As host’s first line of defense, innate immune cells not only recognize various pathogen-associated molecular patterns (PAMPs) and damage-associated molecular patterns (DAMPs) through different pattern recognition receptors (PRRs), but also eliminate pathogens to restore host homeostasis through initiating rapid immune response and generating long-lasting adaptive immunity[1], [2]. To date, six kinds of PRRs have been described as follows: toll-like receptors (TLRs), retinoic acid-inducible gene I (RIGI)-like receptors (RLRs), nucleotide-binding domain and leucin-rich repeat-containing receptors (NLRs), C-type lectin receptors (CLRs), cyclic GMP-AMP synthase (CGAS)-stimulator of interferon response CGAMP interactor 1 (STING1) pathway, and AIM2-like receptors (ALRs)[2]. Nucleic acids, which serve as the fundamental genetic components of all organisms, possess considerable immunostimulatory properties. Nucleic acids derived from pathogens are mainly recognized by TLRs, RLRs, and cytosolic DNA sensors, thereby initiating type I interferons (IFN-I)-dependent antiviral responses and inducing inflammation[3], [4]. In addition, nucleic acids derived from host cells in the context of tissue or cell damage are also recognized by PRRs, which initiates sterile inflammatory responses[5]. Compelling evidence demonstrates that aberrant activation or dysregulation of nucleic acid-sensing systems contributes to the pathogenesis of inflammatory disorders and autoimmune diseases[6], [7].

Nucleic acids are composed of deoxyribonucleic acid (DNA) and ribonucleic acid (RNA), which are highly flexible biomolecules and have a wide range of specific conformations.
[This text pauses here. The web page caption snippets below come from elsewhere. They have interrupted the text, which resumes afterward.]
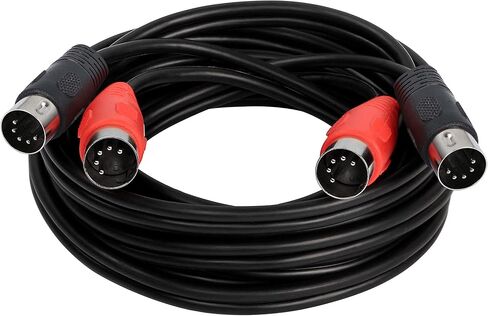 كابل XMSJSIY مزدوج MIDI مزدوج 5-Pin DIN MIDI إلى كابل DIN مزدوج 5 دبوس ذكر إلى ذكر واجهة رقمية للآلات الموسيقية سلك OFC لمركبات لوحات المفاتيح الرقمية كابل الصوت - 10 أقدام (3 أمتار) in Saudi Arabia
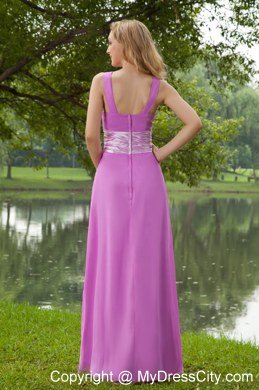 Empire Lavender Bateau Brush Train Ruching Prom Dress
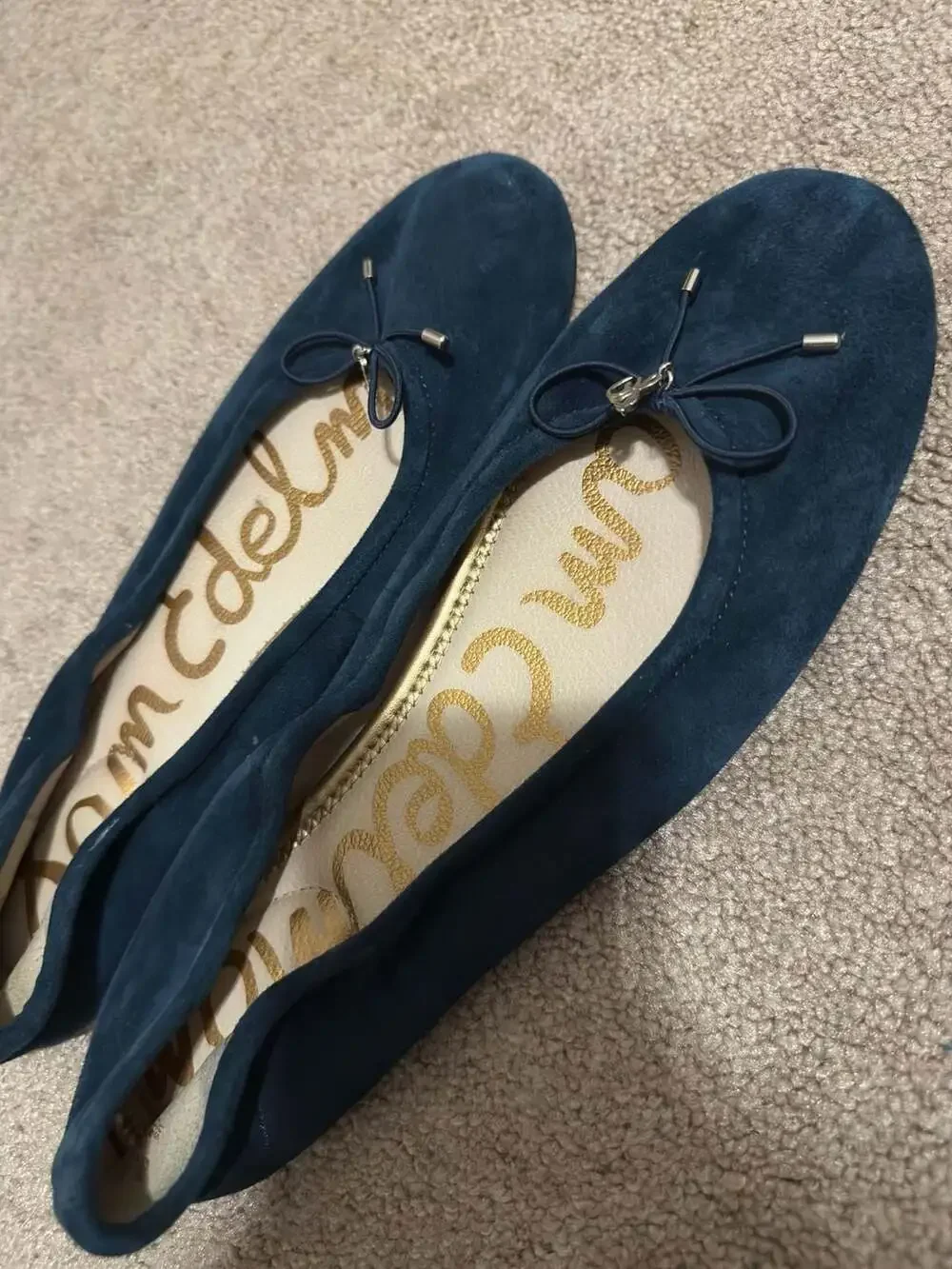 Sam Edelman Felicia Navy Blue Suede Ballet Flats with Bow Detail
DNA is a double-stranded helix molecule that has a long chain of nucleotides. The right-handed B helix conformation (B-DNA) is the dominant biological conformation of DNA in vivo[8]. In addition to the dominant right-handed B-type DNA, there are several forms of DNA structure, such as A-form, C-form, and Z-form. Among these secondary structures, Z-DNA is the only left-handed helical form of DNA in which the double helix winds to the left in a zigzag pattern[9]. The biological functions of Z-DNA are gradually clarified with the discovery of several Z-DNA binding domain (ZDBD)-containing proteins, such as Z-DNA-binding protein 1 (ZBP1), adenosine deaminase RNA specific (ADAR1), RNA-binding protein E3 (E3L), and protein kinase Z (PKZ). It is now established that Z-DNA exerts essential roles in various cell activities, such as recruitment of specific transcription activators or repressors, regulation of gene expression, control of genome instability, and eliciting immunogenic responses[10]. Z-form RNA (Z-RNA), a left-handed alternative conformation for the RNA double helix, resembles to Z-DNA. It is also favored by a sequence composed of purine/pyrimidine repeats and especially CG repeats. Aberrant immune responses induced by Z-RNAs are associated with the development of various human diseases.
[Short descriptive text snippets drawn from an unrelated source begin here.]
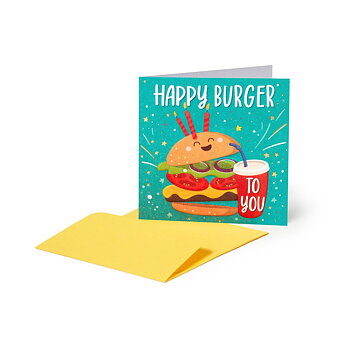 Small Greeting card, Happy Burger to you (BQEB037)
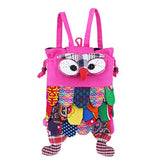 Baoblaze Big Owl Backpacks Bags Patchwork Cotton Big Eyes Purses Handmade Handbag - Pink, as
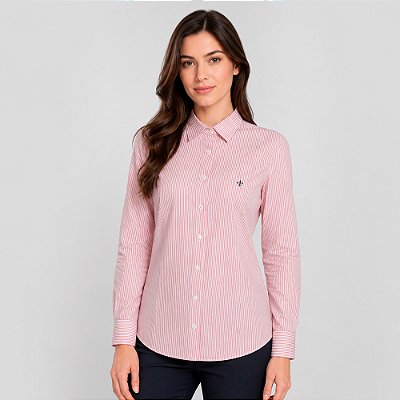 Camisa Slim Dudalina Slim Listrado Pr27 Rosa Feminino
ZBP1, also known as DNA-dependent activator of IFN-regulatory factors (DAI) and DLM1, is dramatically upregulated in tumor, and surrounding stromal tissue as well as activated macrophages[11]. It is initially reported as an IFN-inducible tumor-associated protein and has been identified as the first innate immune activator that senses cytosolic DNAs, especially double-stranded nucleic acids adopting Z conformation[12]. ZBP1 initiates PANoptosome assembly to drive inflammasome activation and subsequent immunogenic cell death[13]. Thereby, ZBP1-mediated excessive or aberrant cell death can result in adverse inflammation in infected or non-infected contexts. It has emerged as a therapeutic target for the treatment of a variety of diseases.

This review outlines the structure and expression pattern of ZBP1, discusses its roles in human diseases through immune-dependent (e.g., the production of IFN-I and pro-inflammatory cytokines) and -independent (e.g., the activation of cell death) functions, and highlights the attractive prospect of manipulating ZBP1 as a promising therapeutic target in diseases.